Formally defined as manic depression, bipolar disorder is a form of a major affective or a mood disorder that is usually characterized by manic or hypomanic episodes. These episodes cause a change in one’s normal mood accompanied by high energy states. Bipolar mania symptoms are often the result of the very serious bipolar disorder that plagues people. This bipolar mania can affect an individual for many days, which may include other symptoms like long-term sleeplessness, psychosis, hallucinations, paranoid rage, or superlative delusions. Moreover, research shows that depressive episodes may be more devastating and harder to treat in people who never have manias or hypomanias.
Bipolar disorder and mania
Thought to stem from a combination of genetic and non-genetic factors, bipolar disorder is a complex disorder. It is divided into two parts based on the severity: bipolar 1 and bipolar 2.
Bipolar 1 comprises mood episodes that are associated with clinical depression or mania. Mania refers to the condition of high energy and extreme elation with interspersed periods of normal mood and energy in between the episodes. The severity of the mood swings may range from very mild to extreme. They may develop over time or can occur very suddenly and unexpectedly. Rapid cycling is the process wherein discrete mood episodes occur over four or more times per year, and it should not be confused with very frequent moment-to-moment based changes in the mood. The latter often points towards bipolar disorder or another disorder known as the borderline personality disorder.
Patients with bipolar disorder may additionally have disturbances in thinking apart from or along with manic or depressive episodes. Impairment in social functioning and distortions of perception may also occur.
Causes of bipolar disorder
The causes of bipolar disorder, much like other mood disorders, are not known very well. The only concrete information available is that bipolar disorder involves the deregulation of brain functioning and may have a genetic component since it can run in families.
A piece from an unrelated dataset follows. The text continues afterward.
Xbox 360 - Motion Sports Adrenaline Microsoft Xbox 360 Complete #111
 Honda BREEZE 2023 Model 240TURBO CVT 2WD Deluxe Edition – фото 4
What is the common age range of people experiencing bipolar mania symptoms?
It is between the ages of 15 to 24 years that people tend to experience bipolar mania symptoms. The diagnosis of these bipolar mania symptoms may persist for a lifetime.
The bipolar mania symptoms are not observed in children or adults over the age of 65. The severity of these symptoms varies from person to person. Many people go through life with minimal symptoms or good capabilities to handle them, while others experience symptoms that may impair their ability to function normally in everyday life.
If left untreated, bipolar mania can result in high rates of recurrence and those with severe mania may even need to be hospitalized to prevent risky, self-damaging behavior.
People who fall into severe depression as a result of bipolar disorder need to be hospitalized to prevent them from acting on psychotic symptoms like hallucinations, disorganized thinking, delusions, and suicidal thoughts.
90 percent of the people with bipolar disorder 1 that includes mania experience at least one psychiatric hospitalization, since it is a more serious disorder. Two out three such people undergo two or more hospitalizations in their lifetime.
What are the primary bipolar mania symptoms?
The primary bipolar mania symptoms include:
– Racing, disconnected, panicked thoughts.
– Beliefs that are considered grandiose in normal life.
– Euphoria or elation that is inappropriate.
– Irritability that is irrational.
– Social behavior that is not appropriate.
– Increased sexual desire
– Speed or volume of speaking that is higher than normal.
– Hyper energy
– Lack of, or poor judgment.
– High energy that leads to decreased sleep.
Medicines for bipolar-related mania
Anybody suffering from bipolar mania needs appropriate medicines to bring it under control. Most doctors analyze the situation and prescribe medicines on the lines of mood stabilizers or antimanic medicines that help prevent and control mood swings, so the patient is less likely to indulge in risk-taking behavior like attempting suicide or other self-harming acts.
These medicines may have to be taken for a prescribed time or even indefinitely in some cases.
Anti-seizure drugs like valproate (Depakote), carbamazepine (Tegretol), and lamotrigine (Lamictal) are one option apart from the standard dose of lithium. The intake of these drugs requires very close medical examination and monitoring.
Lithium as a medicine for mania
Lithium (Eskalith, Lithobid) is the drug that has been studied and used for the longest time to treat bipolar disorder and mania. It has proven to help mania become rare and less severe, apart from preventing and relieving bipolar depression in people.
Studies also show that lithium can lower the risk of suicide among people who are suffering from bipolar disorder as well as preventing future manic episodes. It is usually prescribed as a long-term medicine in the form of maintenance therapy.
Some other treatments for bipolar-related mania when it gets too severe include hospitalization and electroconvulsive therapy (ECT).
The doctor may increase or decrease doses, add or stop medicines, stop the anti-depressants, add an antipsychotic drug, etc. based on the severity of bipolar mania symptoms experienced.